Of course, an excellent follower is one who embodies his role as team player. It’s important to realize your co-workers are suffering, too, and likely feel undervalued.
Let them know they’re doing a good job. Actively listen to their needs, and make yourself a reliable source of assistance. Being the light in an otherwise gloomy workspace can be as easy as asking, “How can I help?”
Grabbing after-work drinks and exchanging frustrations is a great way to blow off steam, so long as that, in the end, your group decides how to proceed. “When you get everything off your chest and resolve, despite everything, to do the best work you can do, you’re elevating everybody,” Russell said.
“If you end up feeling worse than you did during your work day, you’re escalating; you’re pouring gasoline on that fire.”
In a dumpster fire of a workplace, employees may be inclined to mutiny.
“Teams are groups of people with a common goal who hold themselves mutually accountable,” Russell said. “If you’ve decided to cope, not quit, then don’t be the resistance.
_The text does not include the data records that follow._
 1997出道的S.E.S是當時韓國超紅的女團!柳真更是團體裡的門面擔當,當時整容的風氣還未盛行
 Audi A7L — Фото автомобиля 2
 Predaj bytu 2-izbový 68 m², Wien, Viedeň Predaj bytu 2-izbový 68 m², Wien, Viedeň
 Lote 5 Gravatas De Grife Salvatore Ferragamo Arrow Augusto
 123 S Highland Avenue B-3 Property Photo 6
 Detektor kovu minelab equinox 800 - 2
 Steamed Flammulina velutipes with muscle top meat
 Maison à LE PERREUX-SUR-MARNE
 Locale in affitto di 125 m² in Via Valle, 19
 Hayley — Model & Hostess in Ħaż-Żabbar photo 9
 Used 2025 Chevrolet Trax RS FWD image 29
Don’t become a terrorist, because you’ll end up hurting your teammates.”
Know Thy Enemy
According to Dr. Stephen Covey, whose book, The 7 Habits of Highly Effective People is Russell’s leadership bible, trust is made up of two things: character and competency.
Do you consider your leader to be unreliable because of his behavior, or is he simply unable to handle his employees? If leadership style is to blame, it may be possible to modify your own behavior, anticipate reactions and avoid unnecessary run-ins.
It’s not always the unethical bullies who stunt your growth as a follower, but the passive pushovers or time-wasters.
“One of the hardest people to follow are the idea fairies,” Russell said. “These are the entrepreneurial-type bosses who throw around 100 ideas a day. They could be the nicest people, but they drive you crazy with their ideas.”
If your boss is prone to offering solutions in search of a problem, ask him how his latest proposition will benefit your organization. By tactfully asking probing questions, you may bring about some clarity.
If you truly believe your boss is unaware of his own incompetency, use your best judgment in finding a way to address deficiencies. It may not be wise to undermine an aggressive leader in the middle of a meeting, but for the boss who means well, feedback is crucial.
Find a time to confront him alone, and respectfully raise your concern. Again, asking insightful questions may help illuminate their perspective. Finding common ground may not be as difficult as you think.
“Once you figure out what it is about your boss that makes you unhappy, then you can take control of the situation,” Russell said. “The only solution may be to self-eliminate, but if you want to stay, you tolerate it because you know that one day, it’s going to get you where you want to be.”